What this task involves:
In full and exactly, please return the records, but keep out the pictures.

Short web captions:
↓

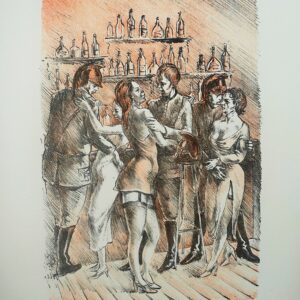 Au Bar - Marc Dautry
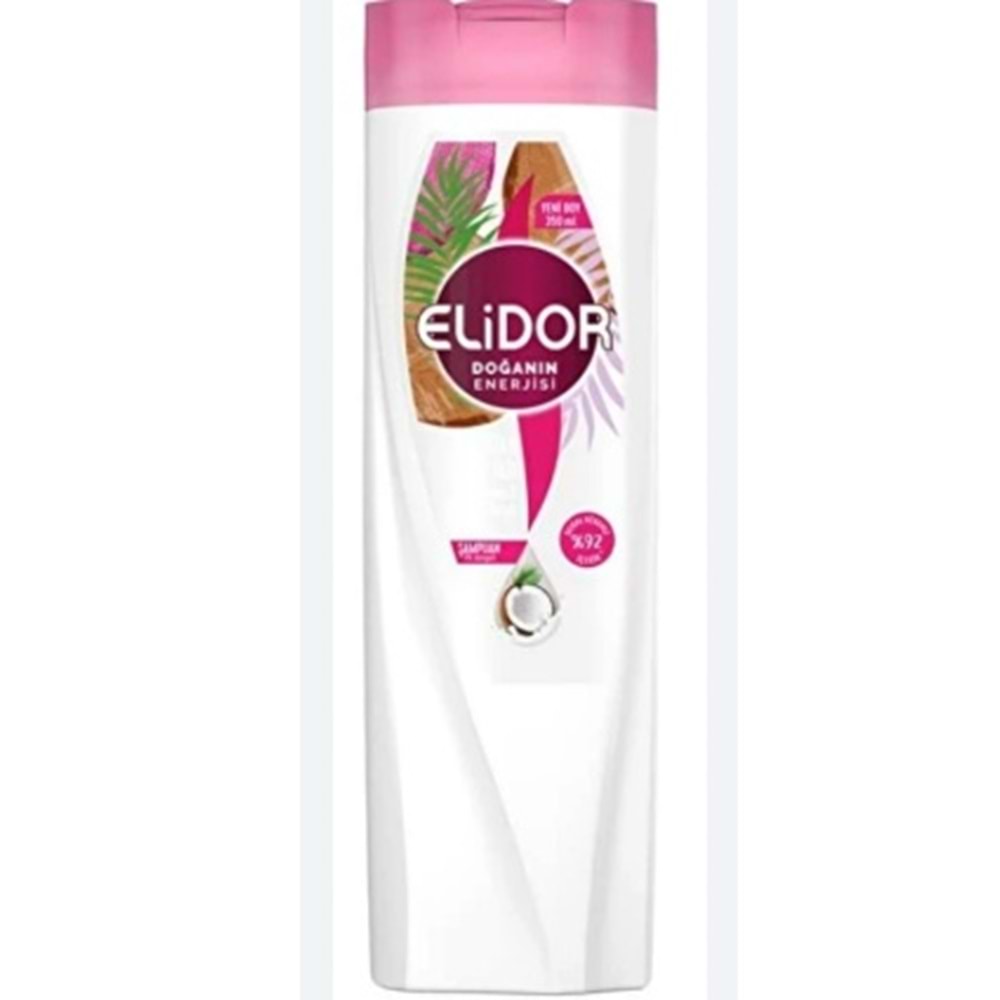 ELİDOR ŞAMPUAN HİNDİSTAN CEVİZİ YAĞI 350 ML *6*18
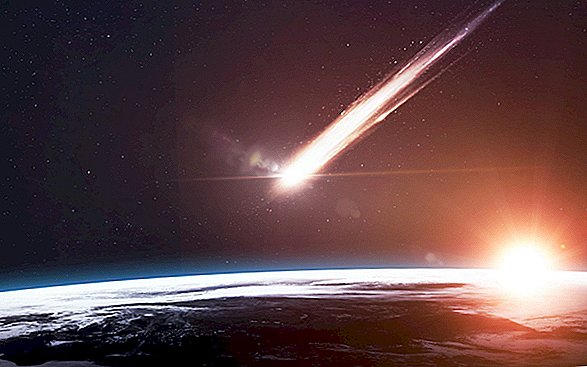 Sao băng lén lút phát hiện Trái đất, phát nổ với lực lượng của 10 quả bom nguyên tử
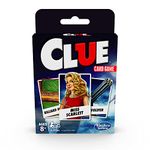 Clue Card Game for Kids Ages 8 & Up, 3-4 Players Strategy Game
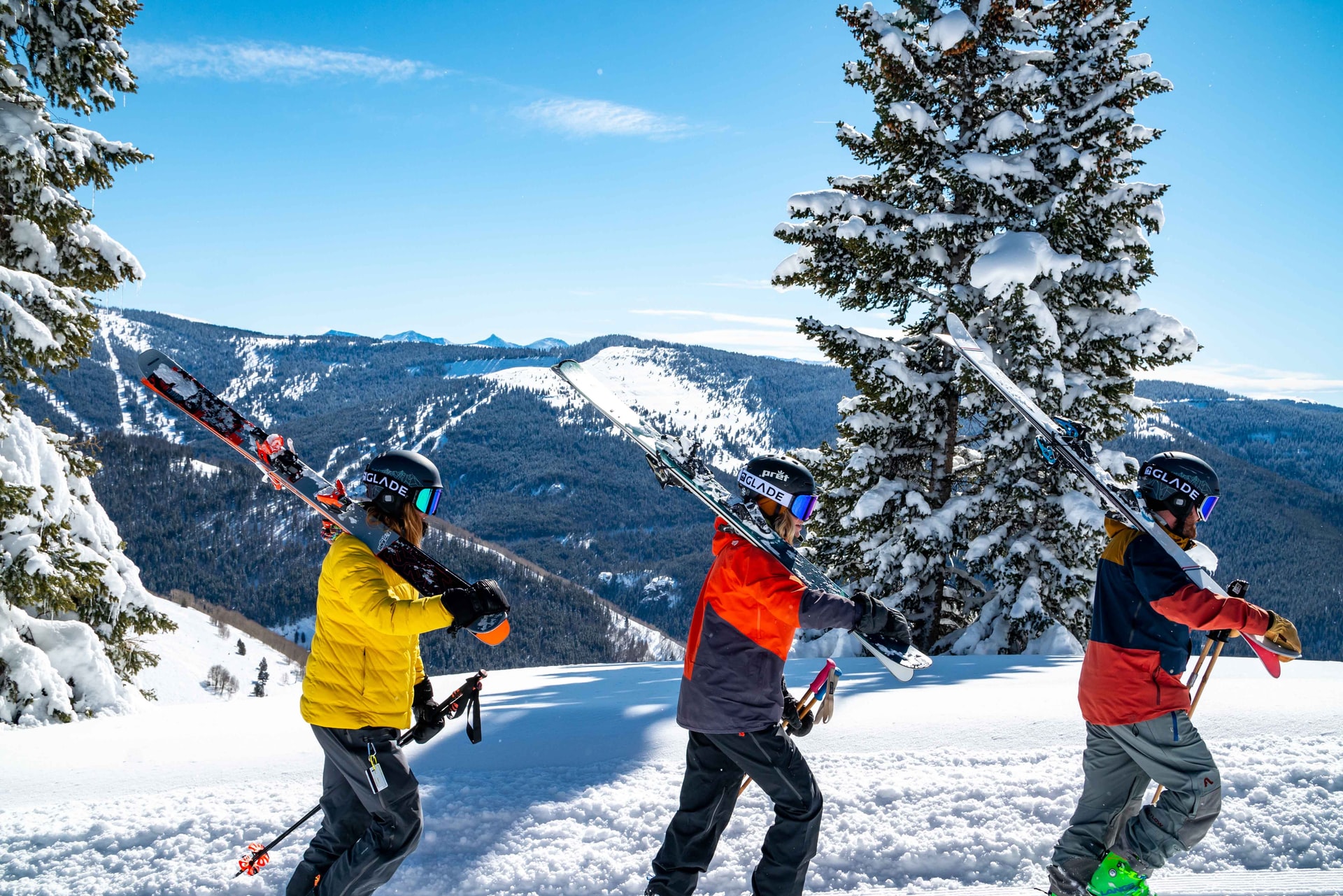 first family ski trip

↑

Result:
 Au Bar - Marc Dautry
 ELİDOR ŞAMPUAN HİNDİSTAN CEVİZİ YAĞI 350 ML *6*18
 Sao băng lén lút phát hiện Trái đất, phát nổ với lực lượng của 10 quả bom nguyên tử
 Clue Card Game for Kids Ages 8 & Up, 3-4 Players Strategy Game
 first family ski trip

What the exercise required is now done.